De quoi parle ce bébé avec l'ADN de trois personnes différentes?

Vous avez peut-être entendu parler de la naissance d'un garçon avec le code génétique de trois personnes, n'est-ce pas? Plus précisément, l’enfant a dans son ADN le matériel génétique de son père, de sa mère et d’une troisième personne, une femme qui a fait don de son ADN mitochondrial pour empêcher son bébé de naître avec une maladie génétique potentiellement mortelle.

Selon Jessica Hamzelou de New Scientist, le garçon est né il y a 5 mois au Mexique et sa mère, une Jordanienne, est atteinte du syndrome de Leigh, une maladie qui affecte le système nerveux central et, dans certains cas, conduit dégénérescence de la motricité et même la mort. Ce que les généticiens ont fait, c’est de «découper» l’ADN de la mère contenant le syndrome et de le remplacer par un ADN en bonne santé provenant du donneur.

Technique révolutionnaire

Le syndrome de Leigh est l'une des nombreuses maladies transmises aux enfants par l'ADN mitochondrial, c'est-à-dire par le biais du matériel génétique trouvé dans cet organite cellulaire qui n'est transmis aux descendants que par les femmes. Dans le cas du bébé né au Mexique, bien que sa mère soit en bonne santé et ne présente aucun symptôme de la maladie, il y avait 25% de chances pour qu'elle transmette le problème au garçon.

En fait, la femme a passé 20 ans à essayer d’avoir un enfant en bonne santé - et même à en perdre deux à cause du syndrome de Leigh. La solution consistait à rechercher un traitement appelé transfert pro-nucléaire, qui consiste à féconder un ovule de la mère et un du donneur avec le sperme du père.

Petit bébé dans les bras d'un des spécialistes responsables de la procédure

Avant que ces deux cellules fécondées ne commencent le processus de division cellulaire et ne donnent naissance à l'embryon, les experts remplacent le noyau de l'œuf de la mère par le noyau du donneur. En conséquence, les chercheurs obtiennent une cellule fécondée contenant les mitochondries saines de l'autre femme, tandis que l'ADN de la mère reste dans le noyau.

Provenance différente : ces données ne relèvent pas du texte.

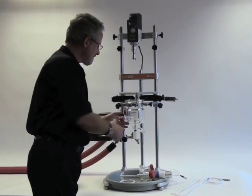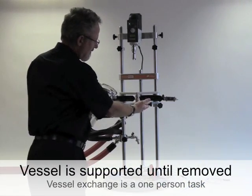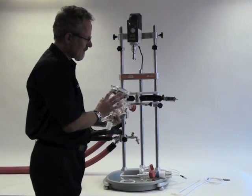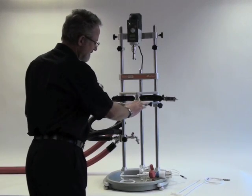Now I can remove the vessel. The vessel is supported in the frame by this stainless steel support collar which has three lugs, and these locate in recesses in the support.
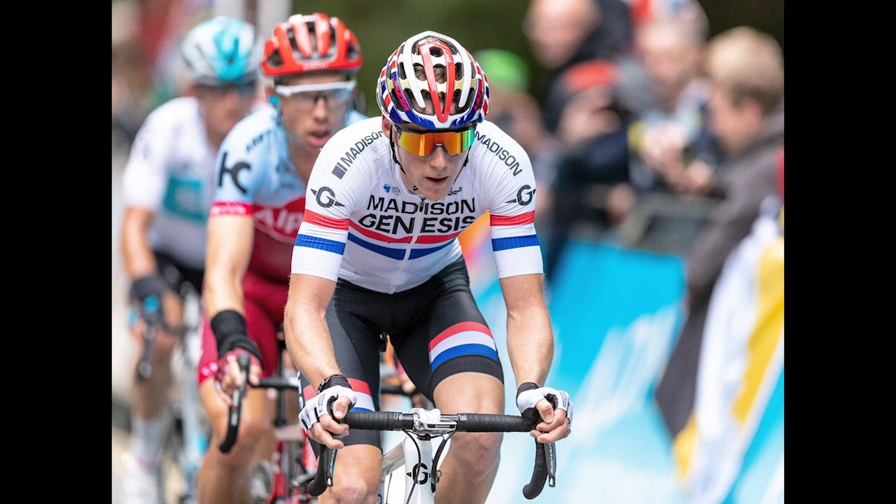This next image was taken during last year's Tour of Britain up at the Winlater Pass in Cumbria. It was quite a wet and dark afternoon in a wooded area, and again I shot this at f2.8 with quite a high shutter speed and an ISO of 1,250.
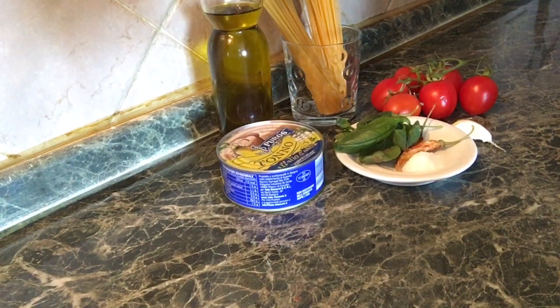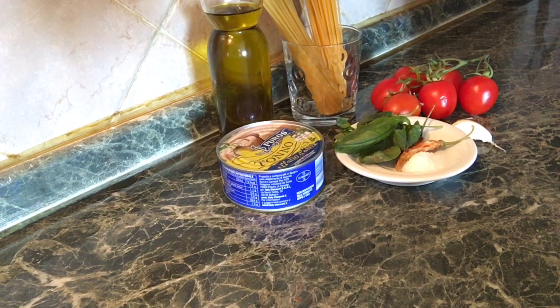Hello everyone. I'm going to talk to you about pastel tone. It is bianco and rosy.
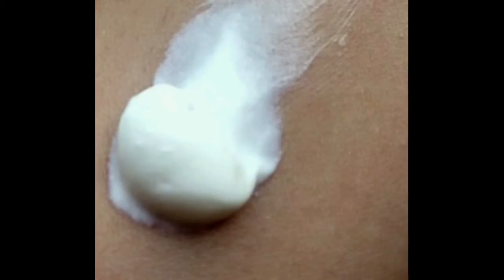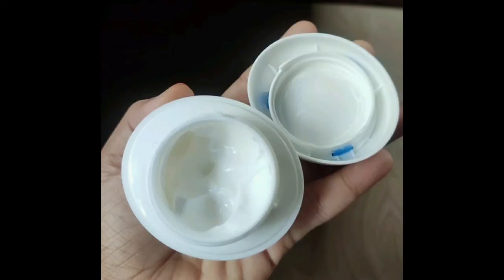If you want to use it as a makeup cream, you can use it to remove your makeup. You can use this on oily skin, but oily skin is already very moisturizing, so dry skin is more suitable and it's very affordable.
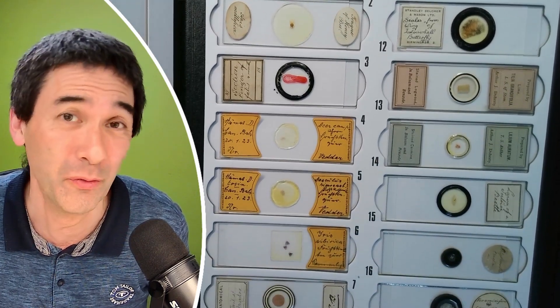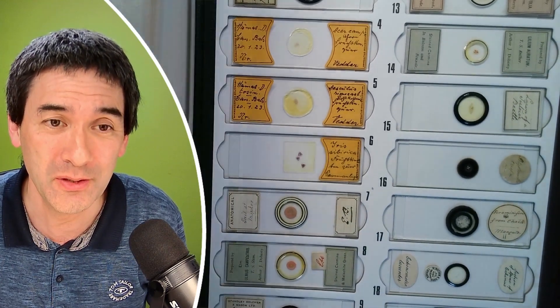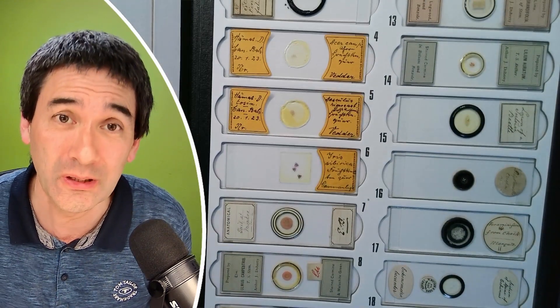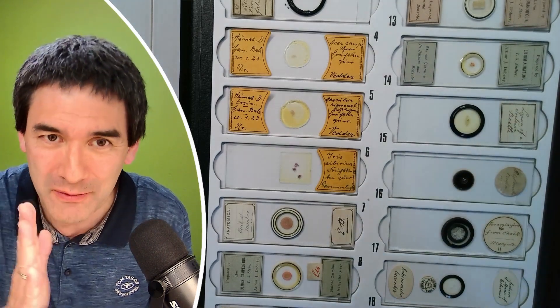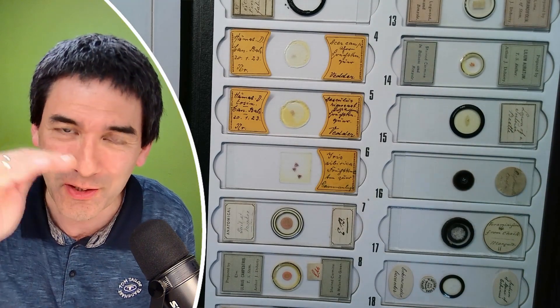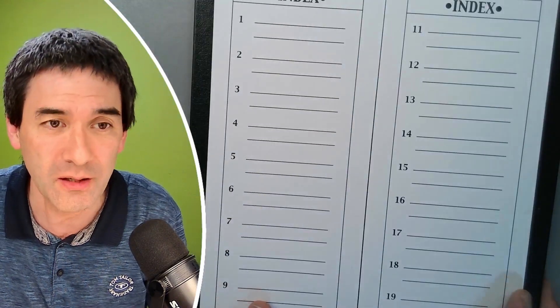I bought them over the course of several months. I put them into this cardboard slide box to store them horizontally. I could have also stacked them into a regular slide box and flipped it vertically so they're still stored horizontally. I've got actually two of these folders here.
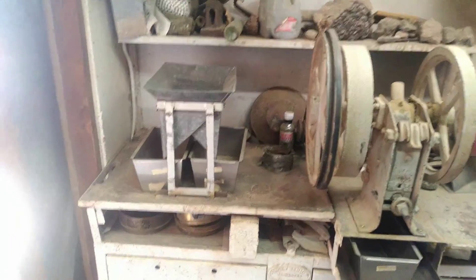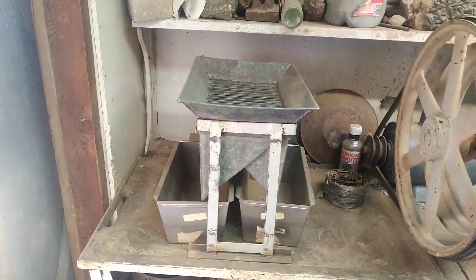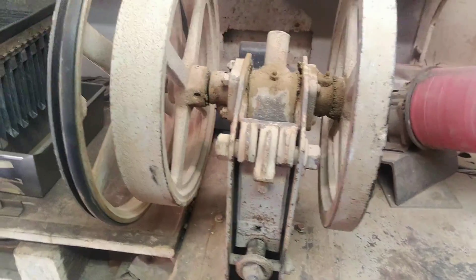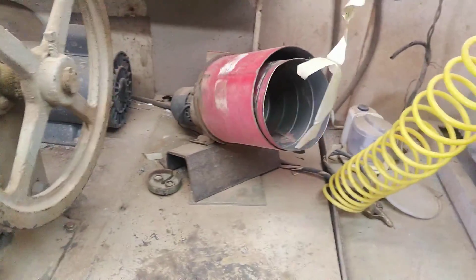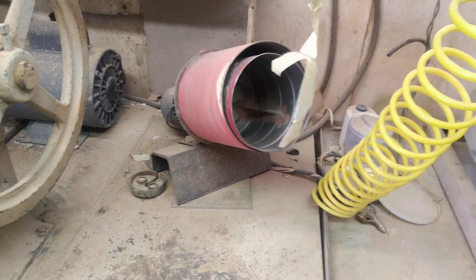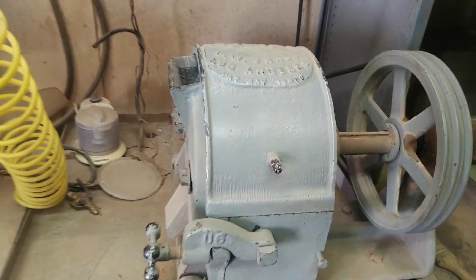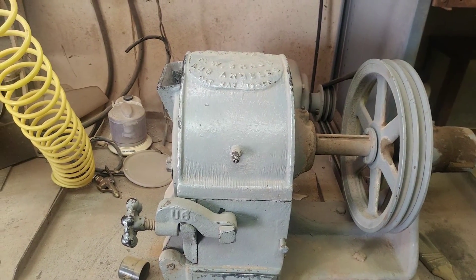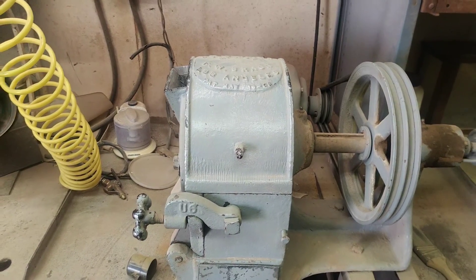From left to right here in the lab, we've got our riffle, our sample splitter, our chipmunk jaw crusher for finer work, our sample homogenizer — which is basically an agglomerator — and a pulverizer, which is for really fine work. We don't take it down too far, maybe 50 mesh.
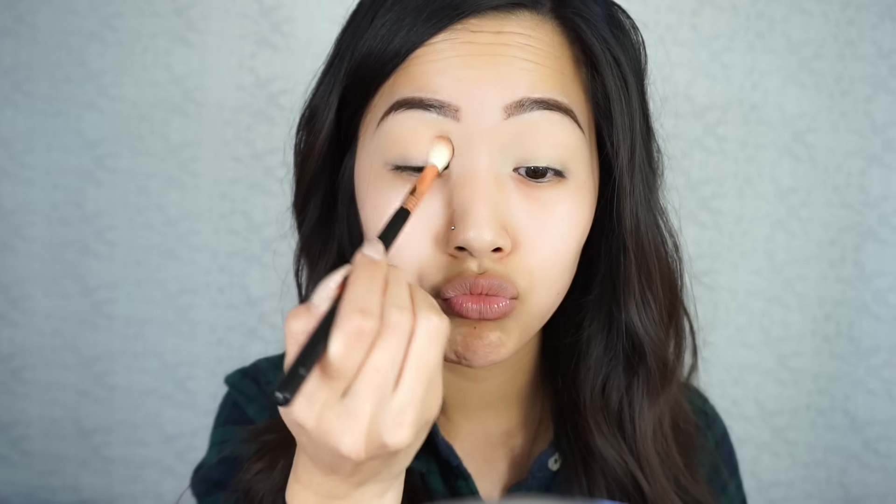First thing I'm doing is taking Peach Smoothie by Makeup Geek as my first transition color. I've already primed with my MAC Soft Ochre Paint Pot.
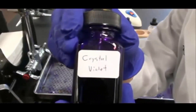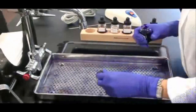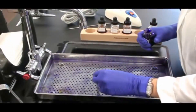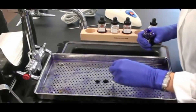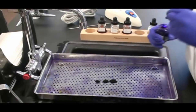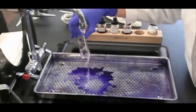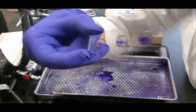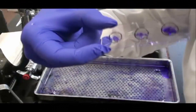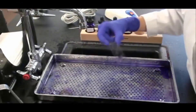My first step is to apply crystal violet. This is my primary stain. I let drops of crystal violet fall onto all three of the smears on my slide. Then I wait for one minute. After one minute I rinse, continuing until the water coming off the slide runs clear. At this point all of my samples are stained purple with the crystal violet.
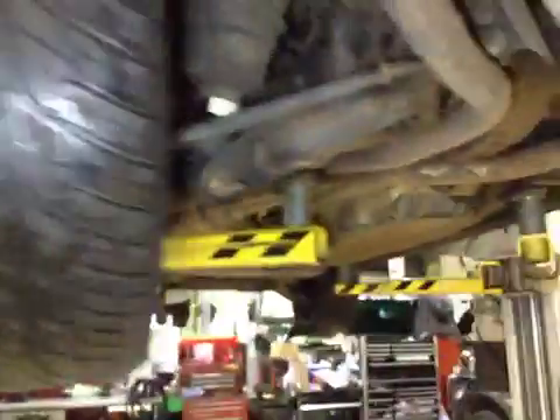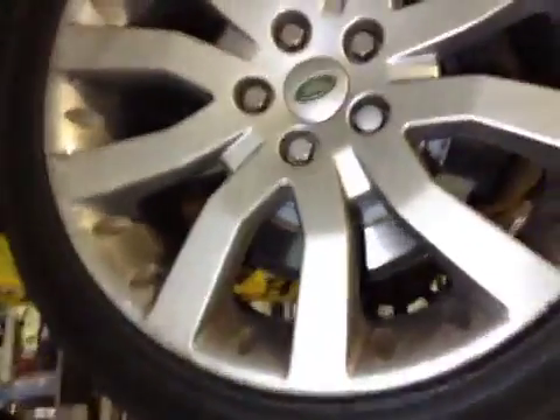Near side rear suspension is good. Near side rear tyre tread and sidewalls are good. Near side rear brake disc and pads are both good.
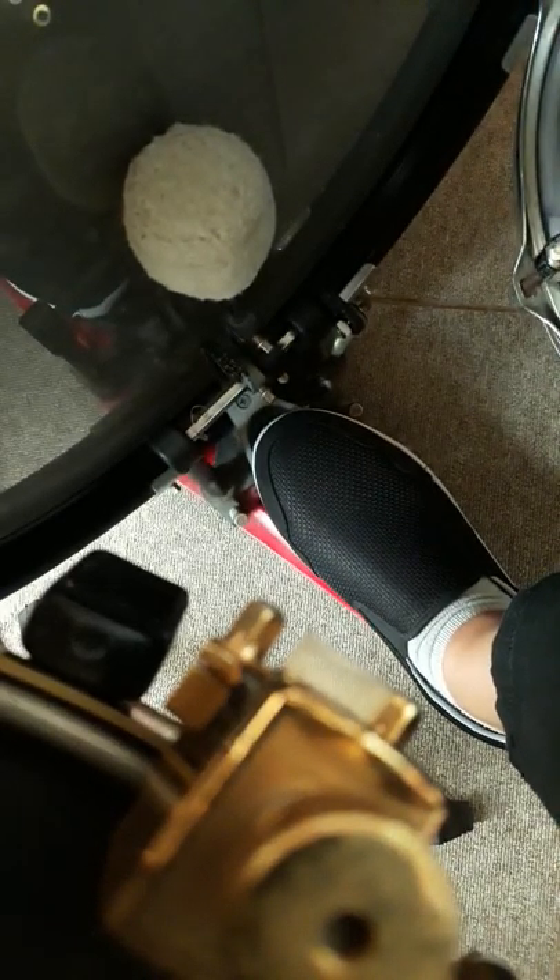Welcome back. Today, I want to talk about how to play bass drum soft.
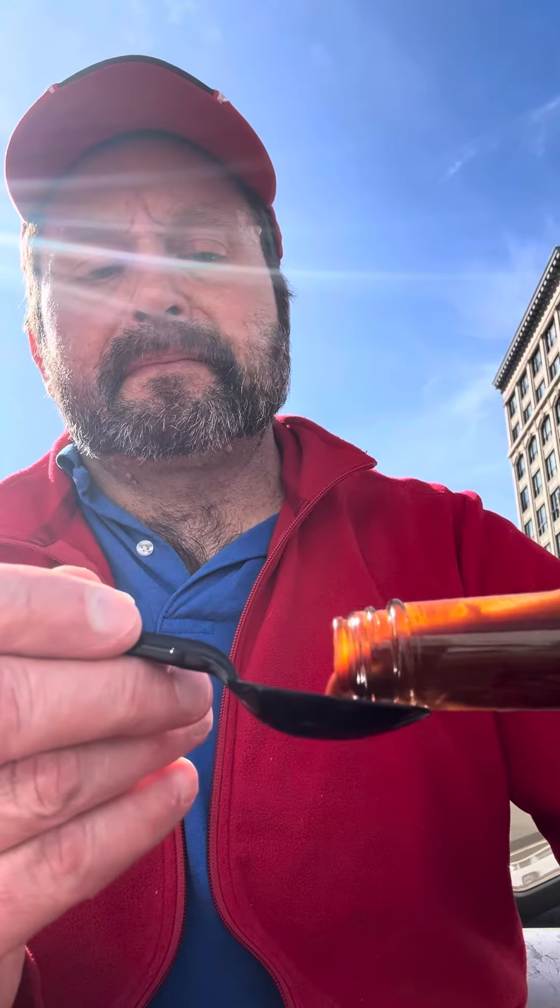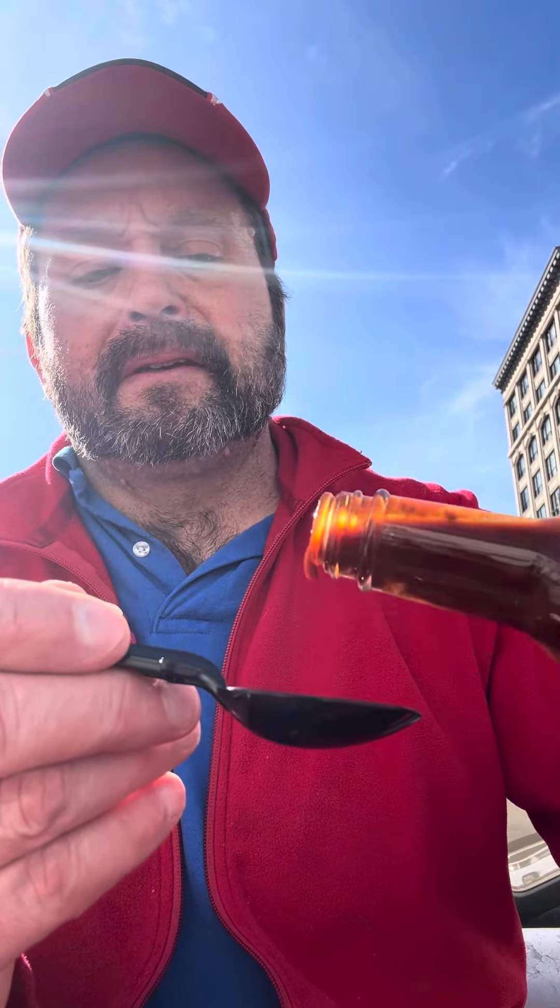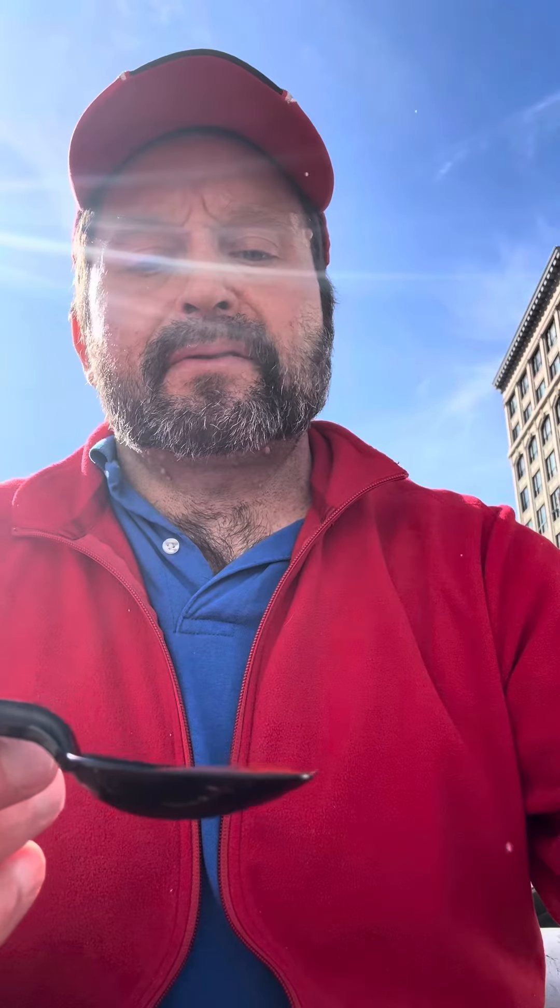Kind of got a sweet smell to it. The texture's a little thick, a little runny. It looks like it's got a little bit of oil in it.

Cependant, étant donné que les parents du garçon sont musulmans - et opposés à la destruction de l'autre œuf fécondé - les généticiens ont dû utiliser une technique alternative. Dans ce cas particulier, ils ont utilisé une méthode appelée transfert nucléaire par broche, qui fonctionne de la même manière. La différence est que le transfert du noyau a lieu avant la fécondation de l'œuf.

Les scientifiques ont réussi à créer cinq embryons, mais un seul d'entre eux s'est développé et pourrait être implanté dans le ventre de la mère. Et, comme nous l'avons mentionné précédemment, le bébé est né il y a 5 mois et n'a jusqu'à présent montré aucun signe de syndrome de Leigh.

Questions éthiques

Cette procédure est considérée comme révolutionnaire dans le monde entier car elle permet aux parents atteints de maladies génétiques potentiellement mortelles d’avoir des enfants sans risque de les transmettre. Cependant, comme cette technique est relativement nouvelle, elle est toujours interdite dans un certain nombre de pays - comme les États-Unis par exemple - et de nombreux scientifiques craignent que les bébés élevés grâce à ce traitement ne développent des problèmes génétiques avec le temps.

De nombreux scientifiques préfèrent attendre plus longtemps avant d'appliquer la technique.

Après tout, d’autres bébés ont déjà été conçus selon une autre technique qui implique également l’utilisation de l’ADN de trois personnes, et certains d’entre eux ont fini par avoir des problèmes génétiques. Ainsi, dans le cas du bébé de la mère jordanienne, bien que moins de 1% de son ADN mitochondrial repose sur la mutation génétique à l'origine du syndrome et qu'il semble se développer normalement, son état de santé doit être surveillé de près.

En tout état de cause, les spécialistes qui ont conduit la procédure qui a abouti à la naissance du garçon au Mexique ont pris beaucoup de soin. Pour commencer, ils ont sélectionné un embryon mâle car il ne sera pas en mesure de transmettre l'ADN mitochondrial à leur future progéniture et est donc incapable de transmettre d'autres maladies génétiques. L’équipe a également évité la destruction d’embryons au cours du processus.